The 1965 marches from Selma put a frightening and bloody face on the race issue, but it may have been the eye-opener the country needed. Today, Selma still remembers and still fights for the cause.
The Selma to Montgomery march represents the political and emotional peak of the modern day civil rights movement. Sunday, March 7th,1965 will forever be known as "Bloody Sunday." The day some 600 marchers were beaten as they set out to march over 50 miles from Selma to Montgomery to fight for the right to vote.
Unfortunately, they only got as far as the Edmond Pettus Bridge, just six blocks, when they met state and local lawmen armed with billy clubs and tear gas driving the non-violent marchers back to Selma. But they didn't give up.
WSFA 12 Photographers caught unbelievable images of Bloody Sunday on videotape and the images were broadcast across the country.

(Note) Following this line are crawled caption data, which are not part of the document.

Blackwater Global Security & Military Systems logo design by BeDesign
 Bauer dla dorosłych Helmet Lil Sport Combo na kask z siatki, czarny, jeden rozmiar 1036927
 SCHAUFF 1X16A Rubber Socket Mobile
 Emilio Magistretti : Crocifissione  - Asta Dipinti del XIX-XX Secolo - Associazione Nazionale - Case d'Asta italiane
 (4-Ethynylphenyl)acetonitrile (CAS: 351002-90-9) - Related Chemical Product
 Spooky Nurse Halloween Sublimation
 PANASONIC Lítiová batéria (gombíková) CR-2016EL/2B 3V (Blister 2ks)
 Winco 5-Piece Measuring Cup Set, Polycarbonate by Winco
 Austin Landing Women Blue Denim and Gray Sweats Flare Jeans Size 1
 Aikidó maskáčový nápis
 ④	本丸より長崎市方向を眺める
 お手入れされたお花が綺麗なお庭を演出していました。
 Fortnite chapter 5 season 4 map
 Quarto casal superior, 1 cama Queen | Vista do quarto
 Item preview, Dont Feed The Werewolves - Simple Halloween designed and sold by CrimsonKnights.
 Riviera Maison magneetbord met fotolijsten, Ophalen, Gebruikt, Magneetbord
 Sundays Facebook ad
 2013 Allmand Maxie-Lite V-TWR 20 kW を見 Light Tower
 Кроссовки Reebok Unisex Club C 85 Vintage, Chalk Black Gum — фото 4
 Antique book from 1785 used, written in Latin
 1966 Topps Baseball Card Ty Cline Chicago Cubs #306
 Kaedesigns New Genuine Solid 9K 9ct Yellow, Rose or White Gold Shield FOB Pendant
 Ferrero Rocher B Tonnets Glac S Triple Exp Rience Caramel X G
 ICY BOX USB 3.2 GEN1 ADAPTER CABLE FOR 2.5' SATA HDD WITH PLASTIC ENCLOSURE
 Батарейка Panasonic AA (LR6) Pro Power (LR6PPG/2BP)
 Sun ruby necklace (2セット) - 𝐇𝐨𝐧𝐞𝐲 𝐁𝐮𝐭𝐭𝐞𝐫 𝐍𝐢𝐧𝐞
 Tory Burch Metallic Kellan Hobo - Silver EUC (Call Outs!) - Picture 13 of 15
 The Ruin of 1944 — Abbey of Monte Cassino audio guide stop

Two days later, on March 9th, Dr. Martin Luther King Jr. led a "symbolic" march to the bridge. Then civil rights leaders sought protection for a third-full scale march from Selma to the state capitol in Montgomery. The images from the first march sparked even more interest in the march and thousands converged on Selma to participate.
On Sunday, March 21st about 3,200 marchers started again from Selma. They walked 12 miles each day, and by the time they reached the capitol on Thursday, March 25th there were 25-thousand marchers. The march was a success, in many ways about five months later President Lyndon Johnson signed the Voting Rights Act of 1965.